The tears in David Wesley's bloodshot eyes told the story moments before tipoff. The grieving wasn't over, even if the basketball game was about to begin.

Wesley and the Hornets were in no shape to play tonight, and it showed at the start and at the finish. Playing just three days after the death of teammate Bobby Phills in a car crash, Charlotte lost, 91-79, to the New York Knicks.

Although there were bursts of energy and moments of cohesiveness, the Hornets started slowly and finished poorly in their first time together on a court since the Wednesday morning practice after which Phills was killed.

"There were times when I went to the bench and thought to myself that we really could have used Bobby," teammate Eddie Jones said. "I went in and out like that when I was off the court, but when I was on the court I was concentrating on the game.

"We have the funeral in Baton Rouge on Sunday--that will be tough going through it again--but we'll get through it together. That's just what we have to do."

Wearing black patches with Phills's uniform No. 13 on their shoulders, along with "13 B.P." etched in chalk on their sneakers, the Hornets trailed almost the entire game and lost their seventh straight.

New York started the game with a 19-7 run and locked up the victory with a 13-2 run in the fourth quarter after Charlotte rallied to tie it at 63.

"I'm not going to allow us to wallow in pity and sorrow," Coach Paul Silas said before the game. "We have a job to do."

As much as Silas wanted his team to take the next step toward recovering from its grief, there was no escaping the surreal mood of sadness that hovered around the team.

Phills was killed instantly when he lost control of his speeding Porsche and it crashed head-on into another vehicle. The 30-year-old player left behind a wife and two children, 3 and 1.

Wesley, who was speeding alongside Phills when the crash took place, stood shuffling his feet from side to side with his eyes growing watery as the crowd observed a moment of silence prior to tipoff against the Knicks.

Wesley, who was hugged by Latrell Sprewell and Larry Johnson of the Knicks just before the jump ball, missed his first two field goal attempts and his first foul shot.

"This is probably the toughest on David out of all of us," teammate Todd Fuller said. "Today he seemed to be doing better. He was talkative and receptive, his old self--at least that's what it looked like on the outside."

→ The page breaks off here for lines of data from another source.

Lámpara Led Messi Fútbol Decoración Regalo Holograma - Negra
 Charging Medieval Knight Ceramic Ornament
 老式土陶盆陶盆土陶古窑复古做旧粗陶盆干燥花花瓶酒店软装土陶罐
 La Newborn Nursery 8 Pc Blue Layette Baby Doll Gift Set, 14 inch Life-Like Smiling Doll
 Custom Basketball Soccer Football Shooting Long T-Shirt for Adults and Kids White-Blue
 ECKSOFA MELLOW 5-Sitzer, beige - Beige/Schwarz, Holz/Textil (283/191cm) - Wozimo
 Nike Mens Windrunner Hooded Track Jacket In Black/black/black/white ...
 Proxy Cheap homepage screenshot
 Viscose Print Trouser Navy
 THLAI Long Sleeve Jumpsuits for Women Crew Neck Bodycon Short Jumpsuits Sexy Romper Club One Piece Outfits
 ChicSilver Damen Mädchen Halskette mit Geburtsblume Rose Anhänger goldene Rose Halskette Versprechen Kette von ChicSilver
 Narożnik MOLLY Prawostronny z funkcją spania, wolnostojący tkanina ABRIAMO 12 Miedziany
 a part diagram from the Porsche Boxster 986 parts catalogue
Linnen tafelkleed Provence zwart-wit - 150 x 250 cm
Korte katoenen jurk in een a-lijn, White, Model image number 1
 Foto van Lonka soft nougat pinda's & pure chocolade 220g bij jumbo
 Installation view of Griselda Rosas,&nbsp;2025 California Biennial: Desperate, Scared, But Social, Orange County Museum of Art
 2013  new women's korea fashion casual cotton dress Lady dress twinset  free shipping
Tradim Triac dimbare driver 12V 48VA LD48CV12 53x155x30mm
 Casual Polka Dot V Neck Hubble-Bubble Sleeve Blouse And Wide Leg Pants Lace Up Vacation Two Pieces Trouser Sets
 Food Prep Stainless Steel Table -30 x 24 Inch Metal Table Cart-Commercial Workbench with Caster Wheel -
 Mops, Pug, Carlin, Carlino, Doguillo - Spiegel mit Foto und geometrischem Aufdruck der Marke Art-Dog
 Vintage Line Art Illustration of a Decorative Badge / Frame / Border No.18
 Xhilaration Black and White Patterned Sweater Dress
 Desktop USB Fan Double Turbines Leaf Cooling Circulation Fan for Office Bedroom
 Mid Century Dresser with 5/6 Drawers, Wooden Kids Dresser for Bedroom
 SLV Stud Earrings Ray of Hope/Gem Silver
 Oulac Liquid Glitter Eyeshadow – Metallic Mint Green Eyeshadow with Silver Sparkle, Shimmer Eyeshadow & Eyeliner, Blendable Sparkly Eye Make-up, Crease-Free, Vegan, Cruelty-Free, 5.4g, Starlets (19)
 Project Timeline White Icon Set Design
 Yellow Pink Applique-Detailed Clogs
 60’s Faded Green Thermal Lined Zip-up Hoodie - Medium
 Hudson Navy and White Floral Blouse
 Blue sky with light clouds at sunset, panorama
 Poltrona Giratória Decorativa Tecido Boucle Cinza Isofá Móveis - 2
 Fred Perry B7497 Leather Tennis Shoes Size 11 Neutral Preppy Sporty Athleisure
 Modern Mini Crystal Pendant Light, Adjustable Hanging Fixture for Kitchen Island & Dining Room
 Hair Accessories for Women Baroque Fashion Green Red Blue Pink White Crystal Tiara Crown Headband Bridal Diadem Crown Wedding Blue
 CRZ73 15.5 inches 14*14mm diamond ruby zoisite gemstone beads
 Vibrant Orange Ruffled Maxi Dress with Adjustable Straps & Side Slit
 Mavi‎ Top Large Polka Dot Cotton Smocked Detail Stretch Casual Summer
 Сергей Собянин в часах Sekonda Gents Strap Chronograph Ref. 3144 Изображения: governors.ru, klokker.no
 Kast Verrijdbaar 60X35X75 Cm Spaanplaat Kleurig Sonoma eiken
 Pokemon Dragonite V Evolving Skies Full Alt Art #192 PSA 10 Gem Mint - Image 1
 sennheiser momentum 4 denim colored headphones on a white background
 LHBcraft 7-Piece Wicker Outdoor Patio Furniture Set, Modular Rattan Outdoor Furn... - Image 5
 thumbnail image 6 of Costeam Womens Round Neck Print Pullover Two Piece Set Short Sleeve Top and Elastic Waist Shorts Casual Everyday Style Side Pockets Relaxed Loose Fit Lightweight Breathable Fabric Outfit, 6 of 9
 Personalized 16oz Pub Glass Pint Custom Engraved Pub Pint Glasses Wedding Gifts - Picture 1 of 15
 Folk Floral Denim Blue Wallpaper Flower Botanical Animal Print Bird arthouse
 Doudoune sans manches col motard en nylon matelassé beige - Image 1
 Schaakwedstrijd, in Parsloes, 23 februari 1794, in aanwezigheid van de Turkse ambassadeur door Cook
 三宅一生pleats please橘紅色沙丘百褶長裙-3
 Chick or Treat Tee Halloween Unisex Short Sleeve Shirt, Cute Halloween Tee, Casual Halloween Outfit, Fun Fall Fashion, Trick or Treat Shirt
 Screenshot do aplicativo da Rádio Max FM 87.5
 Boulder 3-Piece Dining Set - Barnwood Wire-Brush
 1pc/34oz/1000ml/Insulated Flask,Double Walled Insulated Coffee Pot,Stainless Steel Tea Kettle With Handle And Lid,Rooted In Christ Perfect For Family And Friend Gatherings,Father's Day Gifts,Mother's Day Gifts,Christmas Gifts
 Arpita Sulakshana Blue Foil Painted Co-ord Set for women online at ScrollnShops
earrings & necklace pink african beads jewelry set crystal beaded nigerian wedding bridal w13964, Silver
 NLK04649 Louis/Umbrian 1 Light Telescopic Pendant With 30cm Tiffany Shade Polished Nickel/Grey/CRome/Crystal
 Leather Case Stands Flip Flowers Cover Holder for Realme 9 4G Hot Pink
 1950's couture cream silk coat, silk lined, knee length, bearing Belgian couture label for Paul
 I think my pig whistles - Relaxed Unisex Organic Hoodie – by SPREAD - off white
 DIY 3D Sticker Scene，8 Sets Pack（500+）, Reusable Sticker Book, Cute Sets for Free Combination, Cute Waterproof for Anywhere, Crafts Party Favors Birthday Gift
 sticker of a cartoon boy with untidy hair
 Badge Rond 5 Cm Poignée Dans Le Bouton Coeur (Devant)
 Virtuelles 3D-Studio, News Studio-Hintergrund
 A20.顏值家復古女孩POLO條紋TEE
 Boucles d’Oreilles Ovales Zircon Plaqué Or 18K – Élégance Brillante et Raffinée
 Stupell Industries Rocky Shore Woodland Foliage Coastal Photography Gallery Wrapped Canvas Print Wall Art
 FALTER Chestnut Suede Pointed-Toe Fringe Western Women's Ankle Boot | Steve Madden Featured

As game time neared, however, Wesley exuded the mannerisms of a man in crisis.

As he stood shooting jumpers, missing more than a half-dozen in a row at one point, his blank stare never changed. Rather than jumping when he took his jump shot, his sneakers stayed flat on the floor.

Wesley did not speak with reporters.

Inside the Hornets' locker room, Jones decided that talking was the best medicine.

"I sat in the hotel the whole day thinking about it. There wasn't a better person in this whole league," Jones said. "He was the best person you'd want to meet, I'm serious. Everybody is saying the same thing, so that should tell you that it's not just something we're saying."

Jones also spoke about seeing Phills at practice just before he died, joking with him that he didn't usually see him arrive so early. The two talked about trying to bounce back from a 50-point loss in Milwaukee two nights earlier and trying to put together a nine- or 10-game winning streak.

"And that was the last time I spoke to him."

The Hornets' games Wednesday against Chicago and Friday against New York were postponed.

They planned to fly back to Charlotte after tonight's game, then fly to Baton Rouge, La., on Sunday morning for Phills's funeral.

"This guy was a genuine good-hearted person," Jones said. "When you lose somebody like that, it bothers you. It's very tough. So I knew I had to speak instead of keeping it inside and letting it rip me apart."